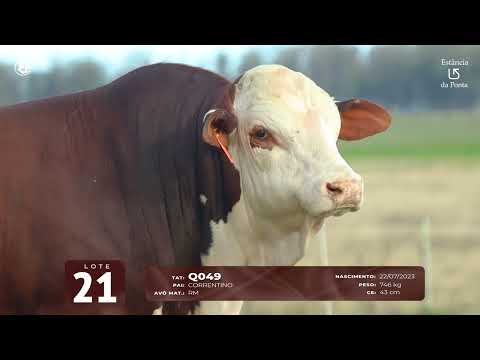 LOTE 21   TAT Q049 M Braford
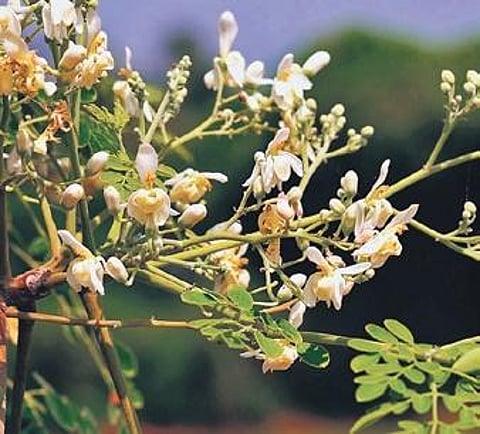 Moringa oleifera var Bhagya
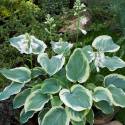 Hosta 'American Halo'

What is required
The whole listing above is to be repeated exactly, apart from its pictures.

Output below
 LOTE 21   TAT Q049 M Braford
 Moringa oleifera var Bhagya
 Hosta 'American Halo'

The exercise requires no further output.